Güncelleme Tarihi:
3 yaş civarlarında başlayan zarar görme, yok olma korkuları kendini hayaletlerle ve canavarlarla göstermeye başlar. Oyunlarıyla korkuyla baş etmeye çalışan çocuk korkularını kendi dünyasında şekillere sokar. Oyun içinde kahramanlar ve kötü adamlar savaşırlarken aslında korkulu parça da, mücadeleci parça da çocuğun ruhsal dünyasının içinden gelir.
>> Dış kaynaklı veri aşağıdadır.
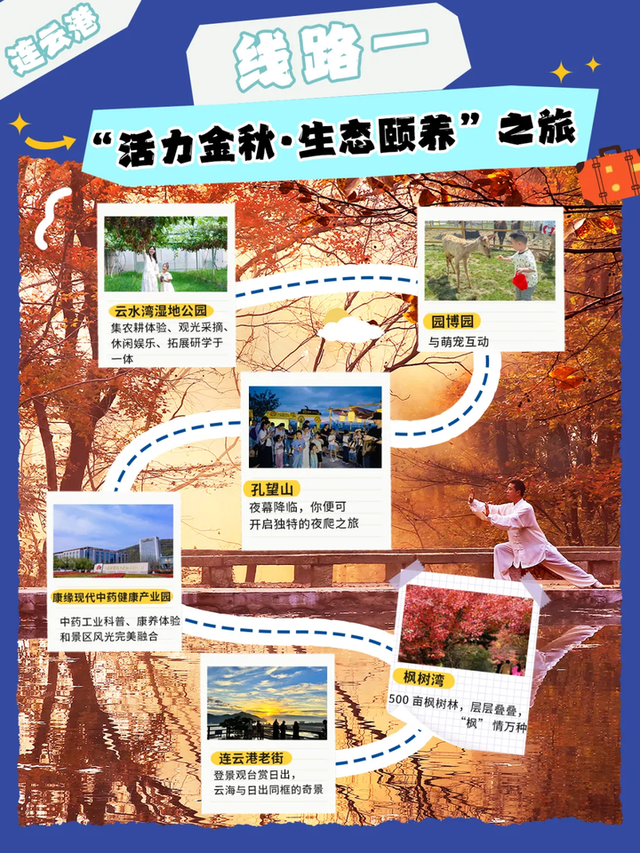 赶海、赏菊、品蟹……这10条乡村旅游线路玩出不一样的“秋”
Bu sebeple “Canavar diye bir şey yok” demek çocuğun dünyasında anlaşılmadığını hissettirir.
Çocuklar gelişirlerken, kendi kaygı ve korkularının içeriğinde gerçeklik algısının değişimlerine rastlarız. Küçükken daha yaygın, hayali, kontrol edilemez ve güçlü şeylerden korkarlarken büyüdükçe daha spesifik, tanımlanmış, gerçekçi ve günlük hayatın içinde şeylerden korkarlar.
Korku, bazen baş ağrısı bazen de karın ağrısı olarak kendisini gösterebilir. Ağrıyla çocuk aslında nasıl canının yandığını gösteriyordur. Tüm gün ağrımayan karın tam da okula gidecekken ağrıyabilir ya da sınavdan bir gün önce mide bulanabilir. Doktorlar sebep bulamaz çünkü sebep başkadır.
Çocuğunu kendi korkularıyla dünyadan sakınan ailelerde çocuk nereye adım atsa yanında “aman” sesleri yankılanıyorsa her yere korku tohumları da atılıyordur. Bu noktada çocuğun anladığı tek şey vardır; dünya tehlikelidir ve anne olmadan zarar görülebilir. Dolayısıyla özgürlüğü kısıtlanan çocuk hem öfkeli hem de kaygılı olacaktır. Aynı zamanda onun için ne tehlikeli değil öğrenmeye de fırsat bulamayacaktır. Tehlikelerle başa çıkma becerilerini de geliştiremeyecektir. Dolayısıyla bu tutumlar çocuğu tehlikelere daha açık hale getirir.